== Image-caption web data ==
**********
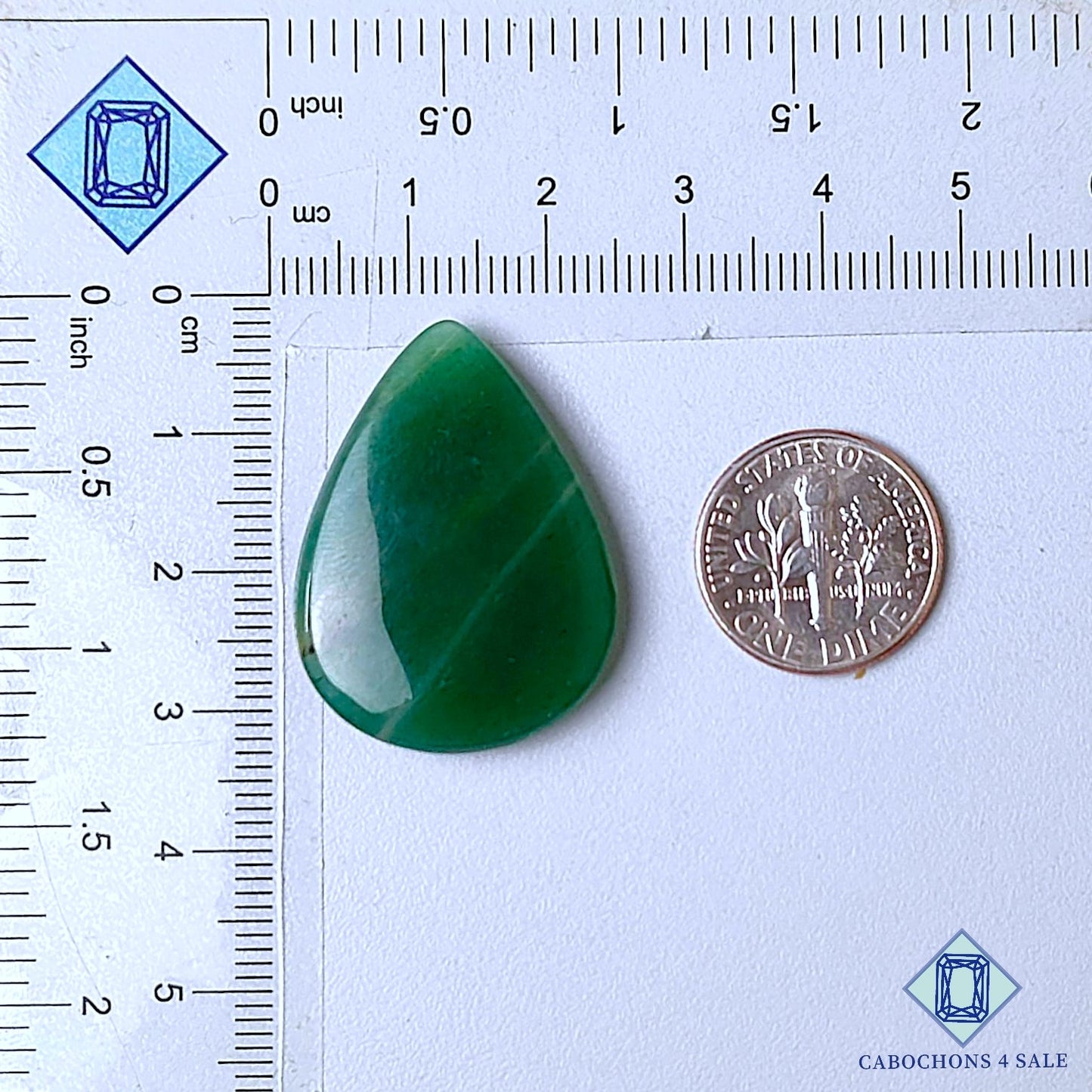Natural Nephrite Jade Gemstone Pear Cabochons 31*23*5mm from Canada available for sale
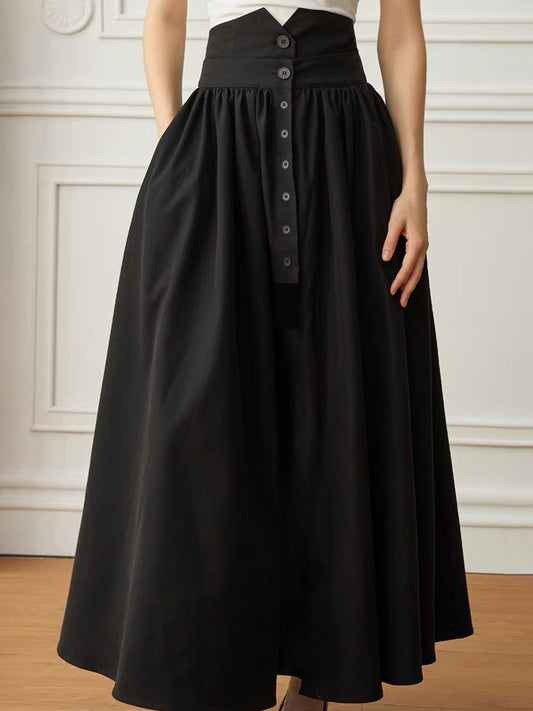 Button Decor High Waist Skirt, Elegant A-line Midi Skirt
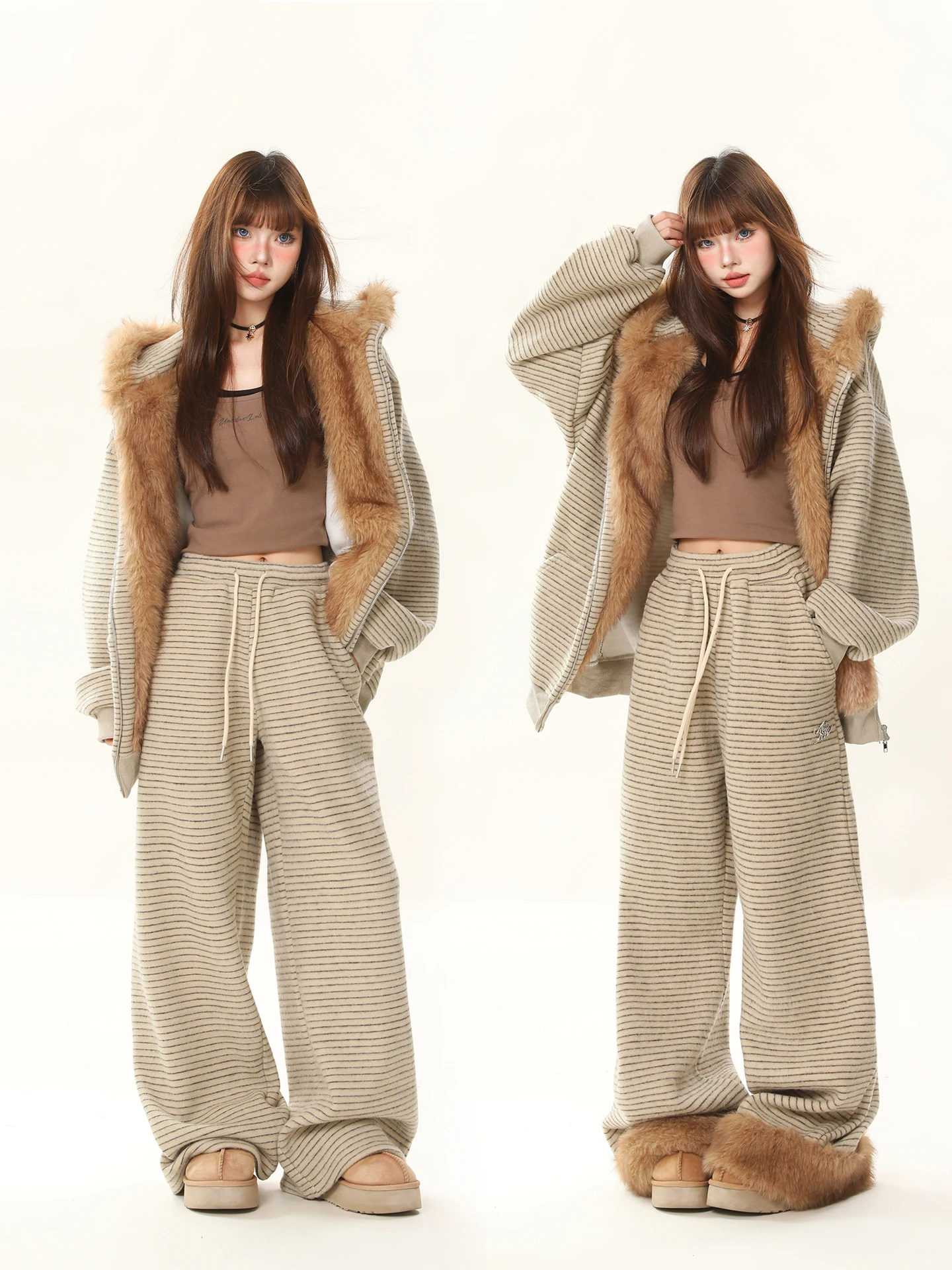 

Теплые повседневные брюки в полоску на флисовой подкладке, женские свободные облегающие брюки для похудения, осенне-зимние модные удобные дышащие брюки с высокой талией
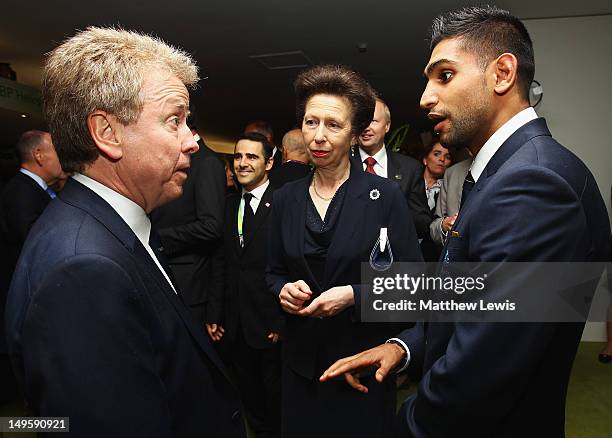 Princess Anne, The Princess Royal talks to British Olympic Association Chair Lord Colin Moynihan and Amir Khan during a reception at The Royal Opera...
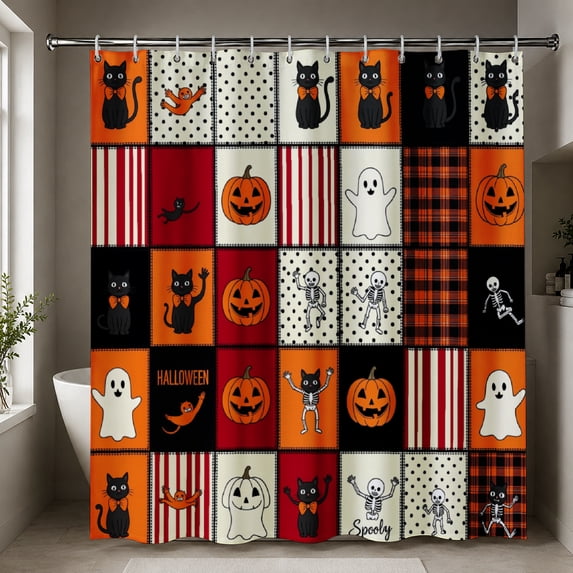 Gelasgo Halloween Grid Pattern Shower Curtain Polyester Fabric Waterproof Bathroom Curtains 72x72 Inch Black Cat Ghost Pumpkin Decor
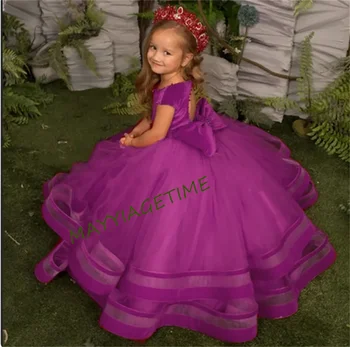  Рокля с цветя модел за момичета, червено бархатное рокля за малка принцеса с голям лък, детски дрехи, дрехи за парти в чест на рождения ден, детско рокля за първо причастие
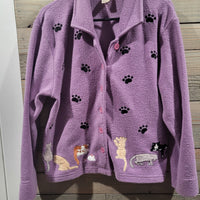 Vintage Timberlea Purple Embroidered Paw Print Button Down Sweater Jacket Plush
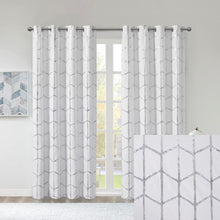 Load image into Gallery viewer, Intelligent Design Raina 100% Polyester Total Blackout Metallic Print Grommet Top Curtain Panel ID40-1808 By Olliix

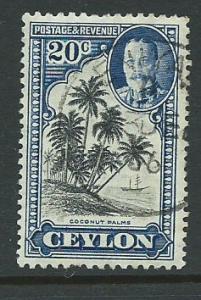 Ceylon SG 374  Fine  Used partial gummed reverse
**********
== Exercise prompt ==
Restate word for word the lines running from the one with "Теплые повседневные брюки" to the end of the entries; pictures are to be left out.

== Written solution ==
Теплые повседневные брюки в полоску на флисовой подкладке, женские свободные облегающие брюки для похудения, осенне-зимние модные удобные дышащие брюки с высокой талией
 Princess Anne, The Princess Royal talks to British Olympic Association Chair Lord Colin Moynihan and Amir Khan during a reception at The Royal Opera...
 Gelasgo Halloween Grid Pattern Shower Curtain Polyester Fabric Waterproof Bathroom Curtains 72x72 Inch Black Cat Ghost Pumpkin Decor
  Рокля с цветя модел за момичета, червено бархатное рокля за малка принцеса с голям лък, детски дрехи, дрехи за парти в чест на рождения ден, детско рокля за първо причастие
 Vintage Timberlea Purple Embroidered Paw Print Button Down Sweater Jacket Plush
 Load image into Gallery viewer, Intelligent Design Raina 100% Polyester Total Blackout Metallic Print Grommet Top Curtain Panel ID40-1808 By Olliix

 Ceylon SG 374  Fine  Used partial gummed reverse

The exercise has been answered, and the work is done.